Biographical details
- Born: March 3, 1951 (age 75) Gladstone, Manitoba, Canada

Coaching career (HC unless noted)
- 1976–1978: Brandon Travelers
- 1978–1981: Brandon University
- 1981–1984: Kloten Flyers
- 1984–1987: EV Zug
- 1987–1988: Hershey Bears (asst.)
- 1988–1990: Philadelphia Flyers (asst.)
- 1990–1992: Minnesota North Stars (asst.)
- 1992–1993: HC Lugano
- 1993–1995: Winnipeg Jets (asst.)
- 1996–1998: Canada
- 1998–1999: Shattuck-Saint Mary's
- 1998–1999: Kölner Haie (GM)
- 1999–2006: Los Angeles Kings
- 2006–2010: St. Louis Blues
- 2011–2021: Western Michigan

Head coaching record
- Overall: 167–156–43 (.515) [college]
- Tournaments: 0–2 (.000)

Accomplishments and honors

Championships
- 1997 Men's World Ice Hockey Championships 2003 Men's World Ice Hockey Championships 2007 Men's World Ice Hockey Championships 2012 CCHA tournament champions 2013 Great Lakes Invitational Champions 2016 Great Lakes Invitational Champions

Awards
- 2012 IIHF Hall of Fame (builder)

= Andy Murray (ice hockey) =

Canadian ice hockey coach and former player

Andy Murray (born March 3, 1951) is a Canadian former professional ice hockey coach, who last served as the head coach for the Western Michigan Broncos men's ice hockey team of the NCAA Division I National Collegiate Hockey Conference (NCHC). He is a former head coach of the Los Angeles Kings and the St. Louis Blues in the National Hockey League.
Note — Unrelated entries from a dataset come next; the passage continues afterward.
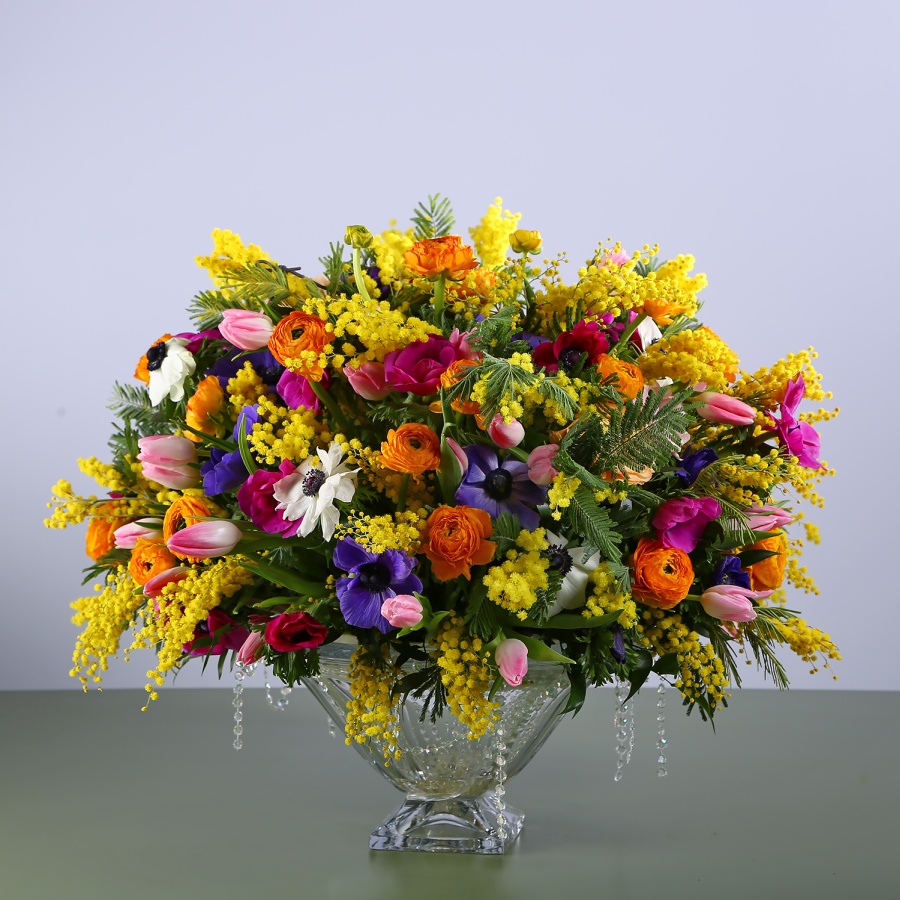 Какие цветы покупать весной: от первоцветов до веточек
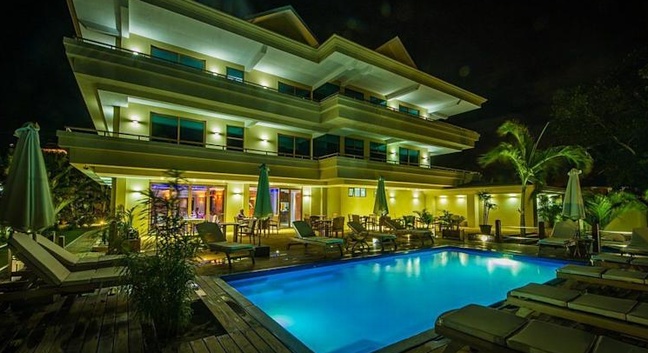 CROWN BEACH HOTEL - Mahé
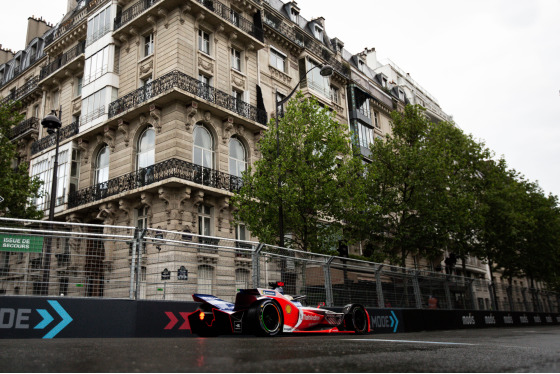 Spacesuit Collections Photo ID 141563, Shivraj Gohil, Paris ePrix, France, 27/04/2019 07:44:09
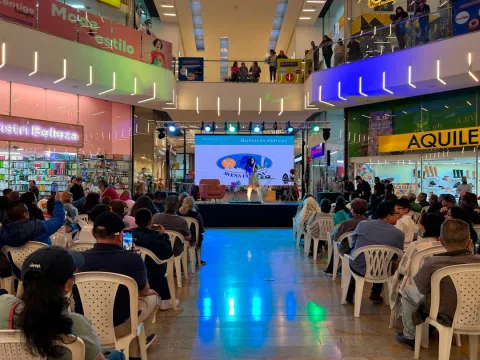 El Centro Comercial Metrópolis también se convierte en escenario de encuentros y actividades especiales, reuniendo a visitantes alrededor de espectáculos y eventos que llenan de vida sus espacios.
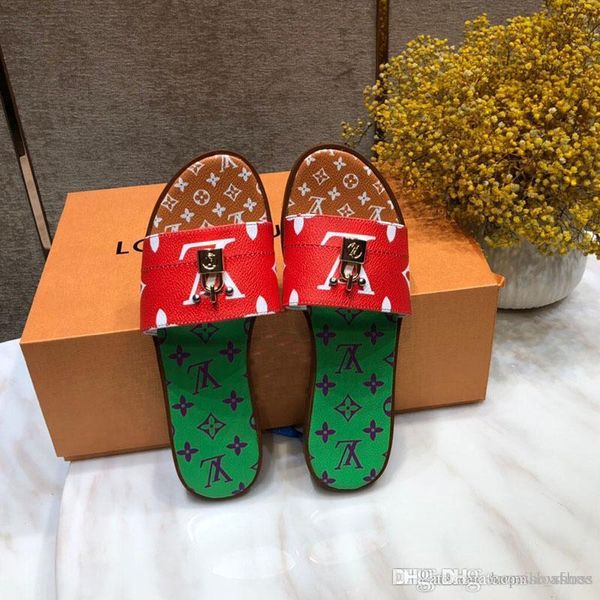 

2020 самые последние роскошные дамы сандалии высокого качества лета цифровой печати шаблон случайные желе с размером замок плоские тапочки 3, Black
Murray has 20 years of NHL experience as an assistant or head coach. He has also coached at the junior, high school, and college levels, as well as in the North American minor leagues and European professional leagues. He was inducted into the IIHF Hall of Fame in 2012.

==Early life and career==
Andy Murray's family had an auto dealership in Souris, Manitoba that was started by Murray's grandfather. Once Murray was old enough, he began to work there. In 1976, when Murray was 25 years old, his uncle hired him to be the coach of the Brandon Travellers after a brawl. Three years later, he got the head-coaching job at Brandon University in Manitoba while still working at the dealership during the day. In 1981, his father died the day after a victory that qualified Brandon for a National tournament. After that season, he needed to get away, and took a coaching job in Switzerland. In 1988, he went to the United States to be the assistant coach for the Hershey Bears of the American Hockey League. That year, the Bears won the AHL championship and the Calder Cup, and he was promoted as an assistant coach of the Philadelphia Flyers under head coach Paul Holmgren. He spent two years there before joining as an assistant coach with the Minnesota North Stars under head coach Bob Gainey, where the team made it to the 1991 Stanley Cup Finals. In 1992, he went back to Switzerland to coach for Lugano. Two months later, he quit because of a fan revolt and is replaced by former head coach John Sletvoll. After that, he took a job in Germany before returning to assistant coaching with the Winnipeg Jets under John Paddock, where he stayed until 1995. Murray was named the coach of the Canadian National Hockey Team in 1996, a post he held until 1998. He served as head coach at Shattuck-St. Mary's School for the 1998–99 season.

==NHL coaching career==
On June 14, 1999, Andy was named to replace Larry Robinson as the new head coach of the Los Angeles Kings, where he stayed for seven seasons. By the end of his tenure, he was the all-time franchise leader in wins (215) and games coached (480).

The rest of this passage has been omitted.